Nach einem geführten Besuch der Stasi U-Haftanstalt in Hohenschönhausen waren bei mir auch die letzten Zweifel daran verflogen, was die DDR für ein assiges System war.
Für mich unverständlich nahm die Glorifizierung der ehemaligen DDR immer mehr zu und eigentlich wurde nur noch so berichtet/überliefert, wie ich im zweiten Absatz beschrieben hatte.
Wer Kritik an der DDR übte, war ein arroganter Wessi und hatte eh keine Ahnung wie schön es früher war.
Junge Kollegen, welche die DDR nur im Kindesalter kurz miterlebt hatten, brabbelten denselben Mist wie ihre Eltern und was Mammi und Pappi sagten, war ja die Wahrheit.
Da wurden kollektiv T-Shirts mit der Aufschrift "Grenztruppen der DDR" angezogen, die DDR-Fahne im Auto ausgelegt und in der Freizeit der blau-gelbe FDJ-Fummel getragen.
Irgendwann habe ich nicht mehr dagegen gesprochen wenn das Leben vor der Wende hochgelobt wurde... es war völlig sinnlos.
Die meisten haben bis heute nicht begriffen, das ihnen kein Schlaraffenland gegeben wurde sondern nur ein kleines Stückchen mehr Freiheit.

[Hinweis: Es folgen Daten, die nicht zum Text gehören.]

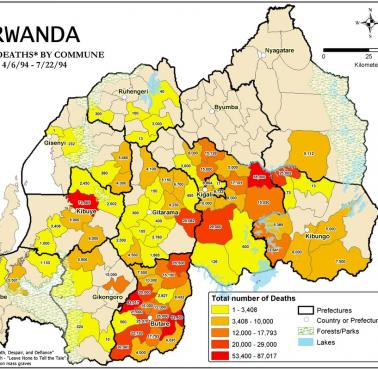 Ludobójstwo w Rwandzie. Łączna liczba ofiar śmiertelnych według gmin (kwiecień-lipiec 1994)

Das dazu auch die Freiheit gehört das man sich auszusuchen kann von wem man ausgebeutet wird, ist natürlich Wasser auf den Mühlen der Ostalgiker.
Den verklärten Blickwinkel durch Aufklärung und knallharte Fakten zu verändern halte ich für unmöglich.
Hier kann ja jeder seine eigene Meinung vertreten aber das konnten sie ja auch schon früher... oder?